If they hold to the lower level neurophysiological signals, I can’t see why not? I don’t know of any models that remotely come closer than the Standard Observer though?

My concern here is the map territory relation. The only model that seems to provide a remote hint of the null is the one that we use every day, and the one that provides a very good baseline of the differentials across the signals.

For example, if we use a CAM, we can see broad correspondence to the Standard Observer model, but the CAMs and the UCSs miss the boat and drown by attempting to account for field dynamics using a direct mapping 1:1 Cartesian model. This is of course a dead end, and in fact breaks the model that actually works. EG: CAMs and UCSs break chrominance.

I don’t see much wrong with the Standard Observer models, beyond the glaring botch job of 1924, which leads to the more broken 1931 along Tritan response for purer radiation in the shorter range. A picture emerges of what seems to be a glaring oversight of the neurophysiology, leading to some attempts that break the few parts that “work”; a fictional hyper extension of the Standard Observer utility into something it can never be harnessed for in its basic form.

I can’t imagine a system that works better than the one that we use every single day, and validate accordingly?

But the standard observer model holds polarity also only for a subset of functions. I can easily break polarity in RGB by applying a none-monotonic function. Actually, the subset of functions which are monotonic is quite small, even in RGB.

I guess your hope is, if we find the right representation the functions we can use increase again, right?

Thinking about this more,

Probably the set of monotonic function is a subset of all functions which maintain polarity because (I guess) on one side of the NULL we are allowed to be none-monotonic, as long as we do not flip? So really we need to formulate the NULL.

And as it is a spatial process I think we cannot find the NULL point for any given complex image without a spatial process. (Maybe I am totally wrong here)

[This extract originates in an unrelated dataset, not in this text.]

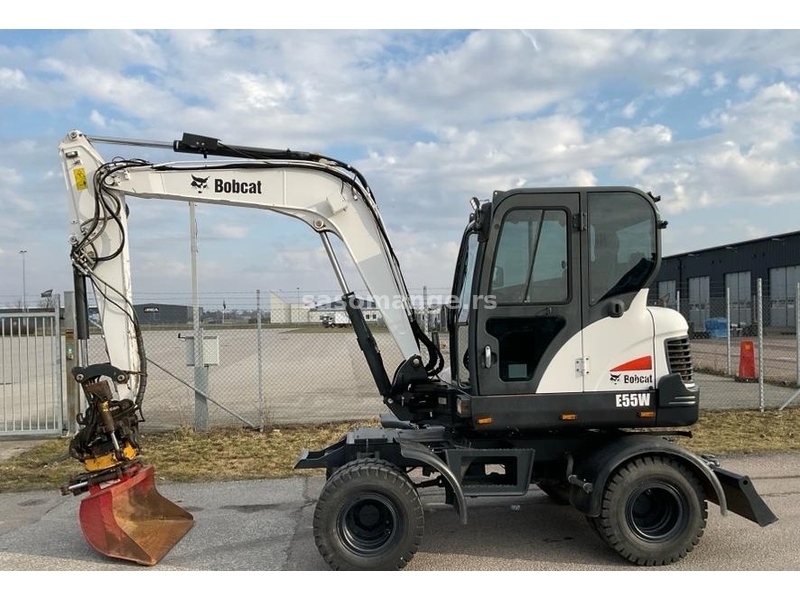 2015 Mini bager excavator Bobcat E55W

Exactly this I believe. We can swizzle to our heart’s content as long as we don’t cross that neurophysiological null energy point.

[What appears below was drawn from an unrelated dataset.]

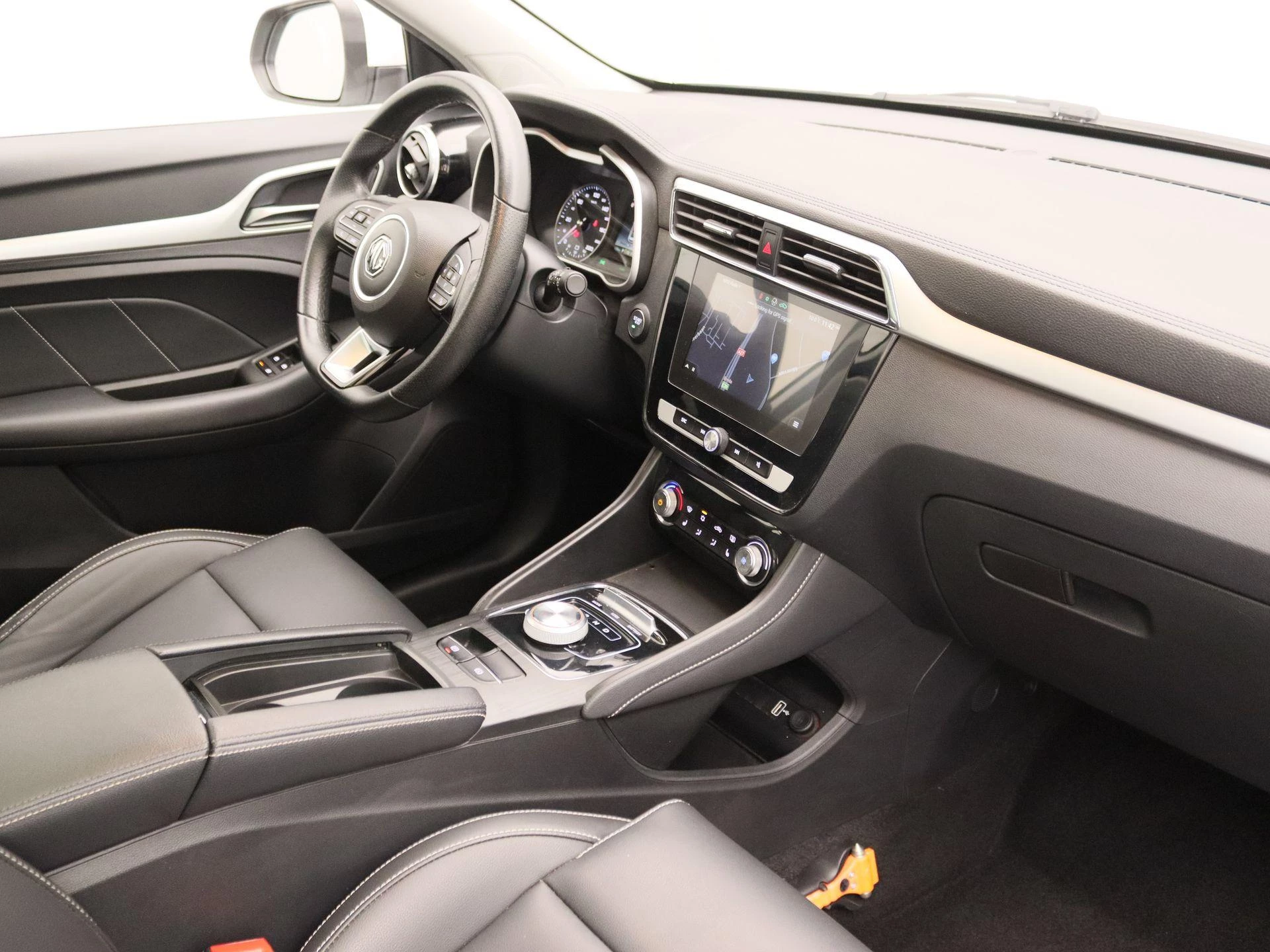 MG-ZS EV-image-31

I believe creative film (outside of the complexities of DIRs and DIARs etc.) followed a similar pattern; swizzling “down”. I suppose there was a double guard with the spectral sensitivity of the photosensitive layers as well?

An interesting side note might be to think along the “whiteness” dimension, where the picture is afforded a decomposition by way of the magnitude of the differentials perhaps? Note how peculiar a maximal blackness region would manifest in the furthest right strip? It is almost as though there is a cognitive “layer” that if we cross too far down, we end up with an inverse HK effect; we cross some blackness threshold, perhaps.

No clue how to calculate that differential “intercept” though, or what the hell it even is. Interestingly, we can increment as far as we wish in the left most strip and it would integrate fine. It seems blackness has some sort of a “floor”.

At any rate, it is interesting to think of a 21 step chart sweep as “cognitive layers”, perhaps involved in the decomposition in picture reading.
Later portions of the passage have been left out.